Abstract

The genetic control of gene expression is a core component of human physiology. For the past several years, transcriptome-wide association studies have leveraged large datasets of linked genotype and RNA sequencing information to create a powerful gene-based test of association that has been used in dozens of studies. While numerous discoveries have been made, the populations in the training data are overwhelmingly of European descent, and little is known about the generalizability of these models to other populations. Here, we test for cross-population generalizability of gene expression prediction models using a dataset of African American individuals with RNA-Seq data in whole blood. We find that the default models trained in large datasets such as GTEx and DGN fare poorly in African Americans, with a notable reduction in prediction accuracy when compared to European Americans. We replicate these limitations in cross-population generalizability using the five populations in the GEUVADIS dataset.
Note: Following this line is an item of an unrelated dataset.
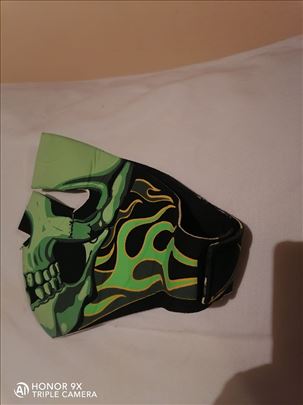 termo zaštitna maska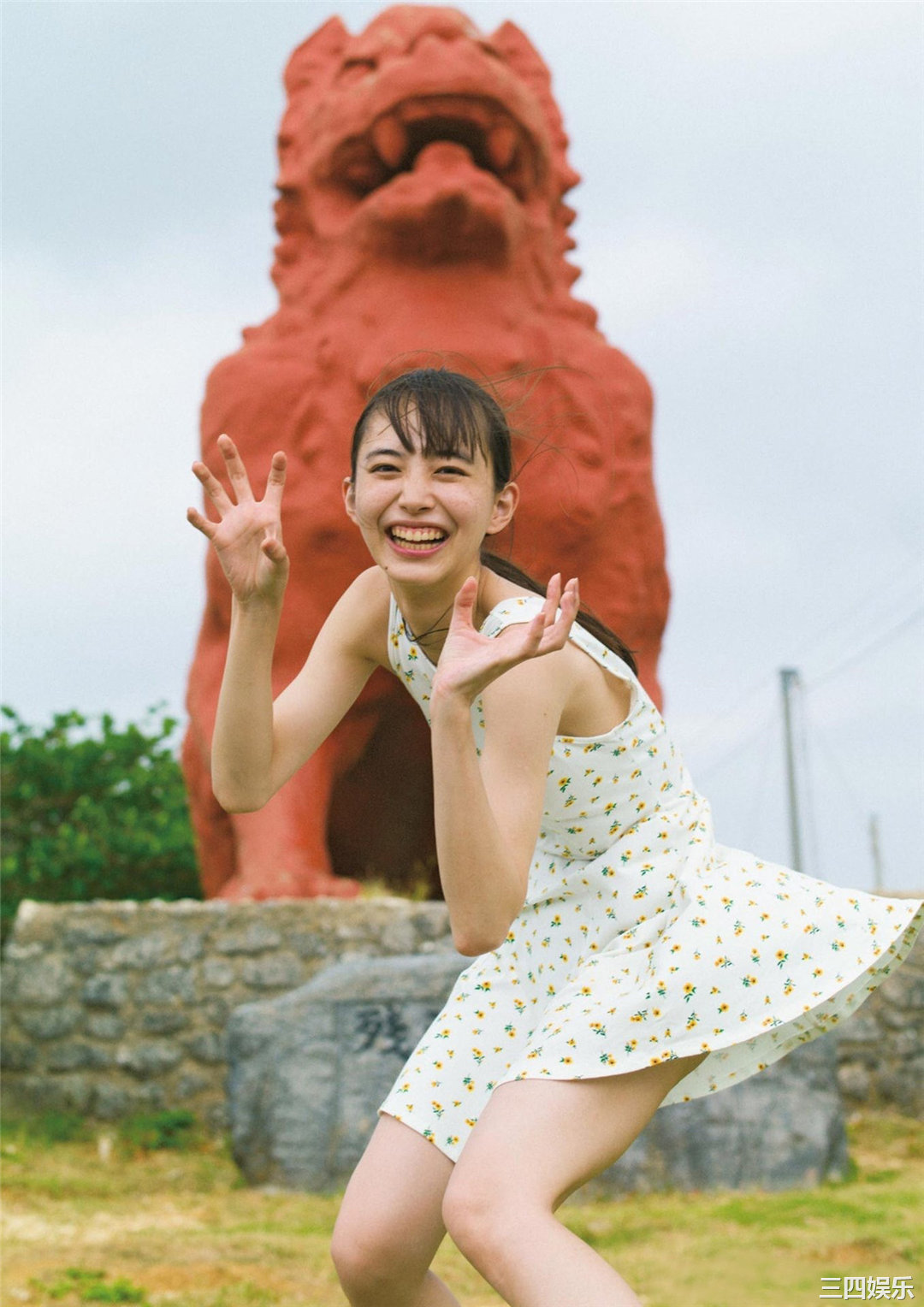 井桁弘惠1ST写真集《my girl》高清全本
Via realistic simulations of both populations and gene expression, we show that accurate cross-population generalizability of transcriptome prediction only arises when eQTL architecture is substantially shared across populations. In contrast, models with non-identical eQTLs showed patterns similar to real-world data. Therefore, generating RNA-Seq data in diverse populations is a critical step towards multi-ethnic utility of gene expression prediction.

Highlights

  • In the last decade, large-scale genome-wide genotyping projects have enabled a revolution in our understanding of complex traits [1,2,3,4]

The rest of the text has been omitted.